Action on Smoking and Health, which wants to see the price rise to pounds5 a pack within five years, says that at low rates of increase in the price of tobacco, the effect on consumption is relatively small: that is to say, demand is inelastic.
It argues that a 24p increase this week would prevent 2,700 premature deaths a year in the long run, but would also increase revenues by pounds500m.
In other words, though consumption would fall, it would do so at a lower rate than the increase in price. And one thing on which the anti-smoking lobby and the tobacco industry are agreed is that this hits poorer households hardest.
In its pre-Budget submission, ASH says it is increasingly concerned that tobacco taxes are 'creating additional health inequalities'. It points out that pounds1,200 a year spent on smoking 20 cigarettes a day amounts to 'a very substantial part of the budget of a low-income family'.
ASH argues for a major anti-smoking programme aimed specifically at those on low incomes to 'mitigate the ethical difficulties of raising the price of an addictive product' and to offset the regressive effects of tobacco taxation.
Demand for cigarettes is not affected by tobacco taxes alone.
A report on alcohol taxes by the Institute for Fiscal Studies in 1990 looked at the effect of tax rises affecting beer, wine, spirits and tobacco, and concluded that raising the price of one could even increase the consumption of others. The IFS calculated that a 10 per cent increase in the price of wine would lead to a fall in wine consumption of 14 per cent and a fall in spirits consumption of 4 per cent, but would actually lead to a small rise in the amount of beer drunk.
And it showed that a 10 per cent rise in the price of tobacco would mean a small drop in the amount of beer and spirits drunk, but an increase - albeit tiny - in the amount of wine consumed.

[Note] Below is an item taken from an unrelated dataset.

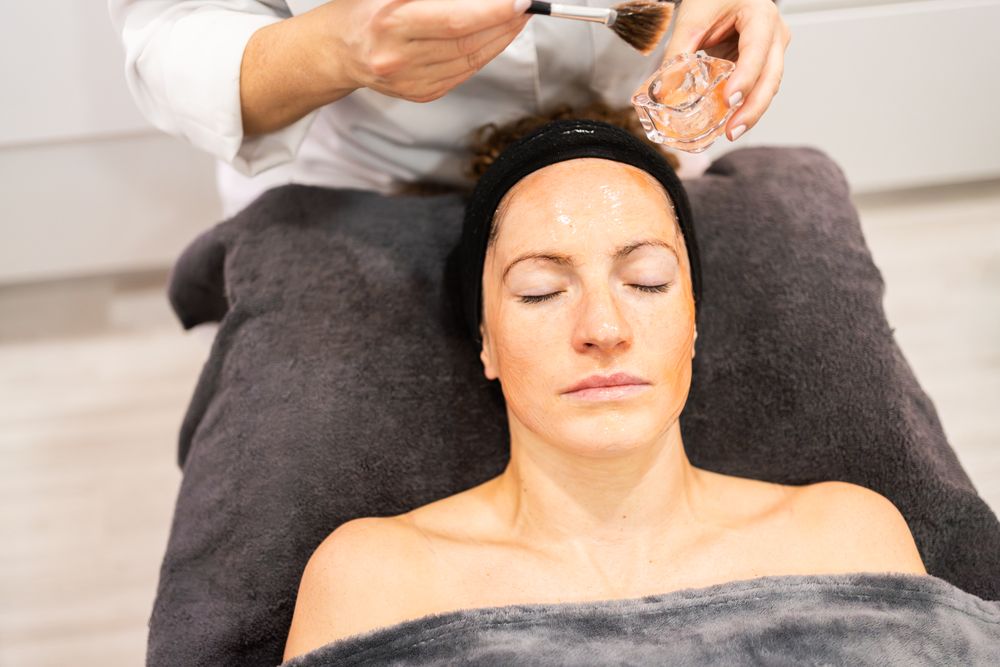 Cosmetologist brushing product on female client's forehead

A further risk is that smokers will turn to other sources of supply. The black market in alcohol and rolling tobacco imported from lower-taxed countries is already thriving.
So while the chancellor can win plaudits for raising the tax on cigarettes, he also risks widening inequalities in wealth and health; and by tinkering with other tax rates, could inadvertently encourage people to smoke more.